* **WORK TO COMPLETE**
Please restate the listing word for word, omitting the images.

* **DATA EXCERPT**
===============

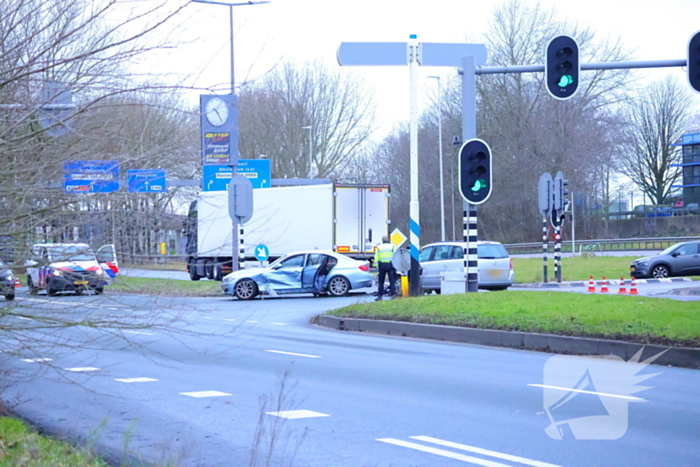 Flinke schade bij aanrijding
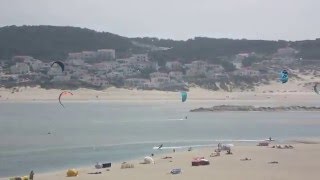 Caldas da Rainha # PORTUGAL # Windsurfing - Foz do Arelho !!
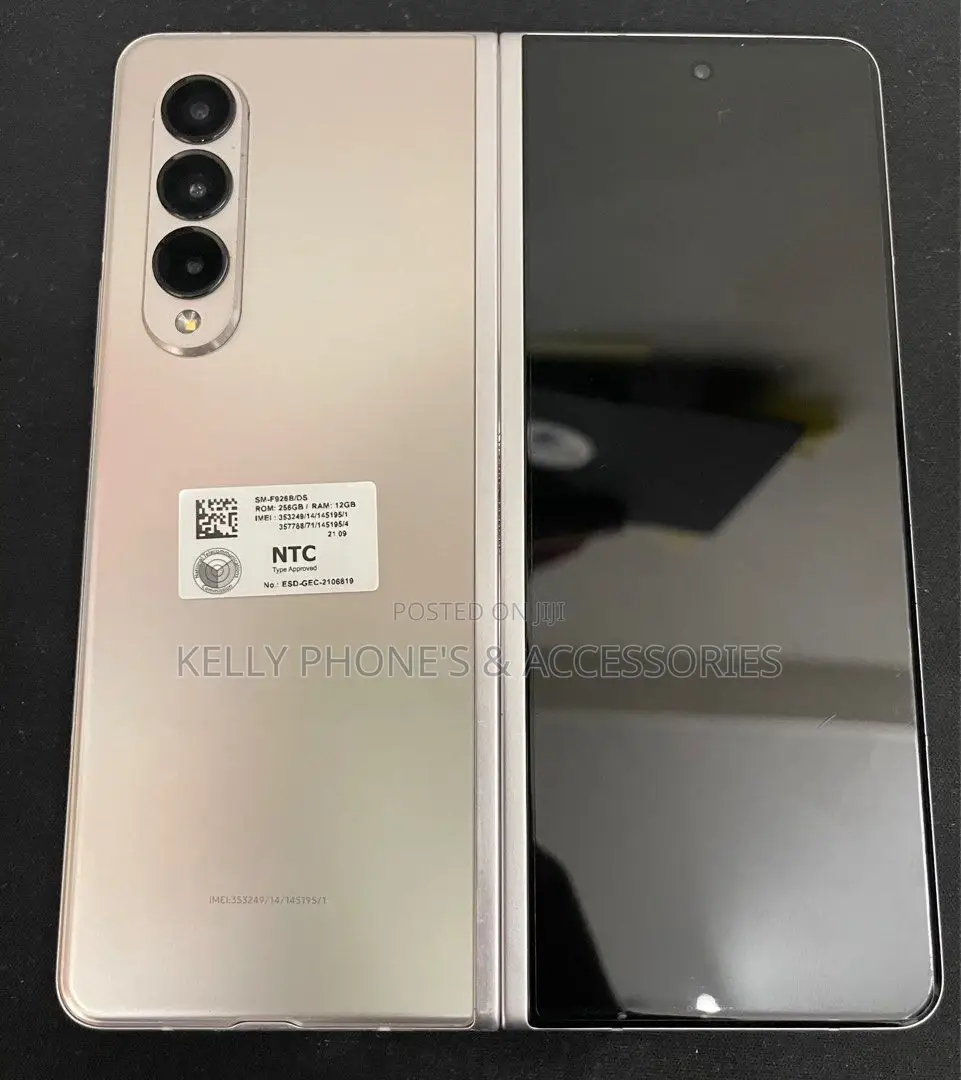 Samsung Galaxy Z Fold 5 512 GB White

===============

* **FINISHED EXERCISE**
 Flinke schade bij aanrijding
 Caldas da Rainha # PORTUGAL # Windsurfing - Foz do Arelho !!
 Samsung Galaxy Z Fold 5 512 GB White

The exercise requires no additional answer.